The first Dozen Bakeshop location, a 700 sqft storefront, opened in Squirrel Hill on December 26, 2006. During 2007, the bakery made $340,000 in sales. By the end of 2007, the Pittsburgh City Paper named Dozen the "Best place to indulge your sweet tooth."

In January 2008, 1300 sqft bakery was opened in Lawrenceville, allowing Dozen to expand into catering. By then, the bakery had 9 employees. During the first half of 2009, two locations opened, a 250 sqft storefront on Liberty Avenue in Downtown and at The Andy Warhol Museum on the North Shore. In October 2009, a 555 sqft location opened on Carson Street in the South Side.
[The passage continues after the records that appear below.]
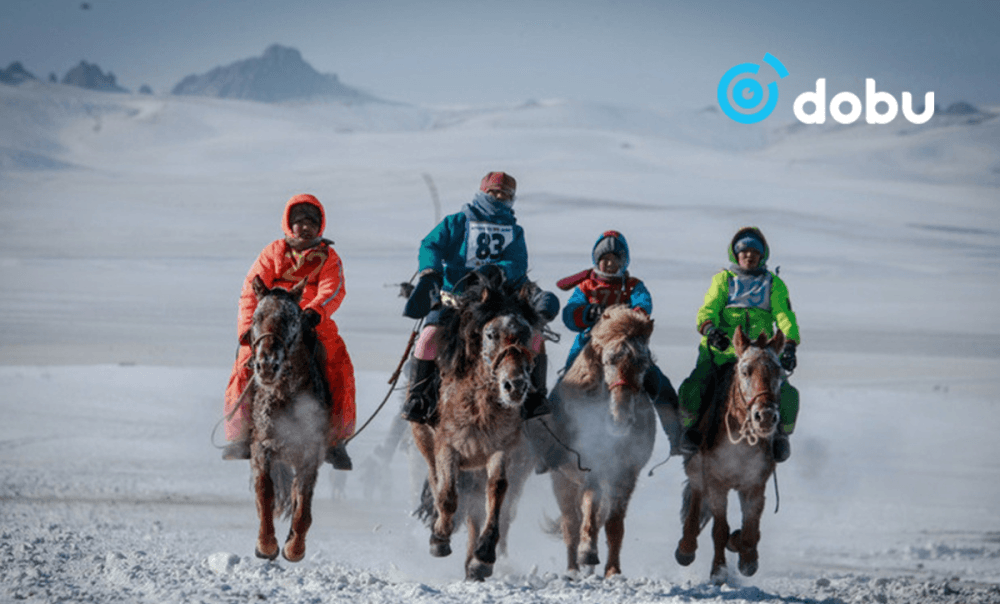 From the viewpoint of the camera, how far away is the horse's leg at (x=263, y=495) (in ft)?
28.4

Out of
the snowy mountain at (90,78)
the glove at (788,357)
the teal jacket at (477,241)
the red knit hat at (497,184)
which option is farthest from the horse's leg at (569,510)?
the snowy mountain at (90,78)

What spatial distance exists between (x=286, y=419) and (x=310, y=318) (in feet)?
2.25

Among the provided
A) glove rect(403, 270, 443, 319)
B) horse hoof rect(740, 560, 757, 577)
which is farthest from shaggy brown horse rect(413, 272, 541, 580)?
horse hoof rect(740, 560, 757, 577)

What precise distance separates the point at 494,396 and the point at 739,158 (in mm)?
94818

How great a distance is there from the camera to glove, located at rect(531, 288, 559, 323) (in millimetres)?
8719

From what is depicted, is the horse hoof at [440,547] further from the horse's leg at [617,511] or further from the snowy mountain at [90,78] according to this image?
the snowy mountain at [90,78]

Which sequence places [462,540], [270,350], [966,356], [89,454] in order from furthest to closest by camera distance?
[966,356], [89,454], [462,540], [270,350]

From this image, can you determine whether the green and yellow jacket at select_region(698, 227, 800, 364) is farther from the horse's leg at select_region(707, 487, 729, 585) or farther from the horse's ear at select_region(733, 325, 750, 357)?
the horse's leg at select_region(707, 487, 729, 585)

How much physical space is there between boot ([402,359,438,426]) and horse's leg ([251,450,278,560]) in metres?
0.99

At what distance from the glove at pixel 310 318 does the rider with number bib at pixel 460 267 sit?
2.19ft

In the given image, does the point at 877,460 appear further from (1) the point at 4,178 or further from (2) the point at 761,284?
(1) the point at 4,178

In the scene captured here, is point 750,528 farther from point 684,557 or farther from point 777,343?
point 777,343

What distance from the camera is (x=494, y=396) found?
27.9ft

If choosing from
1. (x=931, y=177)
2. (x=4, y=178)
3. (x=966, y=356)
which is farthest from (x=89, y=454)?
(x=931, y=177) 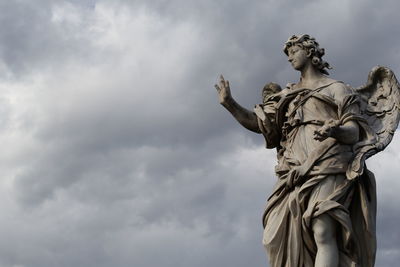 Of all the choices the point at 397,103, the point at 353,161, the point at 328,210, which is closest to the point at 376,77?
the point at 397,103

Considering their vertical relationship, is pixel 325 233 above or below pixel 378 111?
below

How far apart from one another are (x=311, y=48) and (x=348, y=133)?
1824 mm

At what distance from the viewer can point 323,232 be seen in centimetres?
1326

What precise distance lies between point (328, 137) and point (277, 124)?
145 cm

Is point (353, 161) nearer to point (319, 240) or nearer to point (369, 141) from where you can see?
point (369, 141)

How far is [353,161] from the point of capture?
44.9ft

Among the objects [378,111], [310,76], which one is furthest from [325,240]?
[310,76]

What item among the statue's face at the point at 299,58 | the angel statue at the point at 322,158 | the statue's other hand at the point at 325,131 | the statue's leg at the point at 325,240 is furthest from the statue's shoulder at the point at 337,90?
the statue's leg at the point at 325,240

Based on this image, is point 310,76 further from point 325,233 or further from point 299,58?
point 325,233

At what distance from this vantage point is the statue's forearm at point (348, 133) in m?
13.5

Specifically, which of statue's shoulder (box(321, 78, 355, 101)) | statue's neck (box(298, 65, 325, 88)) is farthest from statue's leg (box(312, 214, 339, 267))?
statue's neck (box(298, 65, 325, 88))

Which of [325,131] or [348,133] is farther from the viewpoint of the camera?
[348,133]

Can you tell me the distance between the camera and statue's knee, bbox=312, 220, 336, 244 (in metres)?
13.2

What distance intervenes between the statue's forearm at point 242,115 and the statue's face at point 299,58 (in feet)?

In fall 2010, Dozen closed two existing locations, South Side and Squirrel Hill, and opened a new location in Oakland. The Southside location had bad parking and did not mesh well with the bar-heavy ambiance of the neighborhood. The Squirrel Hill location had no room to expand. It was hoped that the Oakland location, with easy access to Pitt and CMU, would be a better fit for the bakery. In early 2011, Dozen Bake Shop was named a Pittsburgh "city favorite" by the New York Post. A "Cupcake Truck," for mobile cupcakery was acquired. A short time later, the business, which by then had 18 to 20 employees, was in trouble and was put up for sale. Sales were down by 50%, from a peak annual revenue of $1 million; defaulted on $40,000 loan to PNC Bank committed tax evasion, partner declared bankruptcy. By July 2011, the two remaining locations, Lawrenceville and Downtown were closed after a "farewell" bake sale.

In August 2011, Dozen re-opened under the new ownership of Doreen Valentine, who hired 4 new bakers. According to Valentine, it was not the quality or brand that had failed. Instead, she believed that Dozen had been doomed by too rapid of expansion that left too little capital for operations, a mistake she would not repeat. Megan Hart, a Pittsburgh native who competed in TLC's Reality television contest show Cake Boss: Next Great Baker's 2nd season, joined the staff in February 2012.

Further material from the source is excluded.